The Siege of Krishnapur won the 1973 Booker Prize, Great Britain’s most prestigious literary honor and a sign of Farrell’s acceptance as a writer of serious fiction. Previously he had published four novels, of which only the last, Troubles (1970), set in Ireland in 1919, brought him any significant degree of public recognition. Both Troubles and The Siege of Krishnapur were greeted as extremely enjoyable historical novels that also had serious things to say about the human condition in general, and Farrell, understandably, continued to work along these lines.

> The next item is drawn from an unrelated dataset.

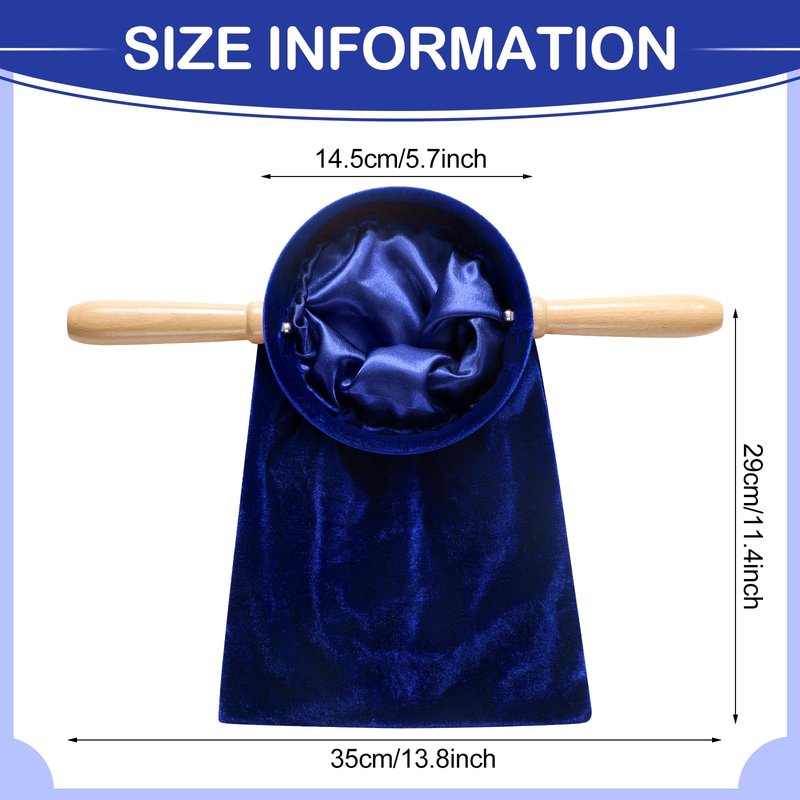 Tioncy Set of 2 Church Tithe Offering Bags with Wooden Handles Church Collection Bag with Handles for Churches Communion Supplies (Blue,13.78 x 5.71 Inch)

His next book, The Singapore Grip (1978), was an equally well-received treatment of the fall of Singapore to the Japanese in 1942; the protagonist of Troubles, Major Brendan Archer, appears in this book as well. Farrell’s untimely death in a fishing accident in 1979 cut short a brilliant literary career, which is memorialized by the posthumous publication of his unfinished but nevertheless eminently readable The Hill Station (1981), set in post-1857 India and carrying over one major character, Doctor McNab, from The Siege of Krishnapur.

Bibliography

Binns, Ronald. J. G. Farrell, 1986.

Bristow-Smith, Laurence. “’Tomorrow’s Another Day’: The Essential James G. Farrell,” in The Cambridge Quarterly. XXV (Summer, 1983), pp. 45-52.

Deck, John. Review in The New York Times Book Review. LXX (October 6, 1974), p. 16.

Maddocks, Melvin. Review in Time. CIV (September 30, 1974), p. 93.

Sissman, L. E. Review in The New Yorker. L (November 25, 1974), p. 193.